The increasing stringency of vehicle safety regulations across the globe is a primary catalyst for the rise of ADAS. These systems, which range from adaptive cruise control to automatic emergency braking and blind-spot detection, are becoming indispensable in new vehicles.

Given all of this, the market forecast is optimistic. ADAS is expected to expand at a compound annual growth rate (CAGR) of 14.6%. The ADAS market isn’t just expanding; it’s revolutionizing autonomous vehicle technology.

4D Radar: A Great Enabler

Taking radar to the 4th dimension is one of the more exciting developments propelling SDVs beyond level 3.

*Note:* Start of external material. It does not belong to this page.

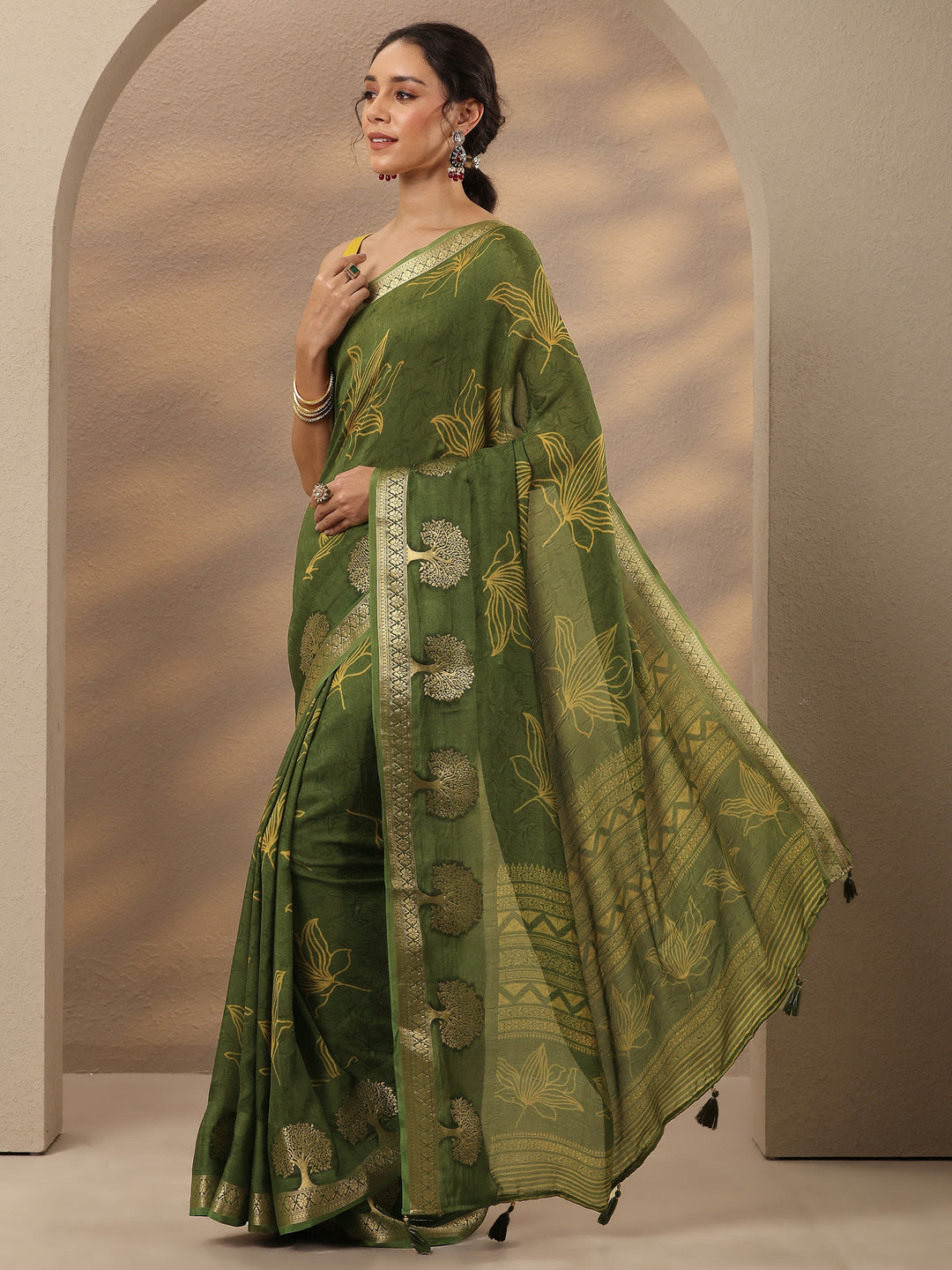 Green Embellished Silk Blend Saree With Unstitched Blouse Piece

4D imaging radar enables high-resolution sensing by adding vertical angle measurement, which adds the capability for the radar to ascertain the height of structures and other objects (Fig. 3). This greatly improves accuracy and performance in marginal and challenging situations such as inclement weather and other poor visibility conditions (dust, ash).

It can also identify and differentiate among items along the path such as road trash, construction debris, pedestrians, other vehicles, the road surface, even an individual crouched beside a vehicle changing a tire.

Conclusion

Evolving technologies, such as 4D radar, are the basis of tomorrow’s advanced ADAS functionality. The move to enhance these technologies by improving performance, lowering costs, simplifying design, and making them scalable and function autonomously is the path to the next levels of autonomous SDVs.

Today, we’re well entrenched in level 3 AVs. And we either have, or will have shortly, the tools to elevate vehicles to level 4. But there are still a number of bumps in the road — not necessarily technology — that need to be addressed before we can go fully hands-free.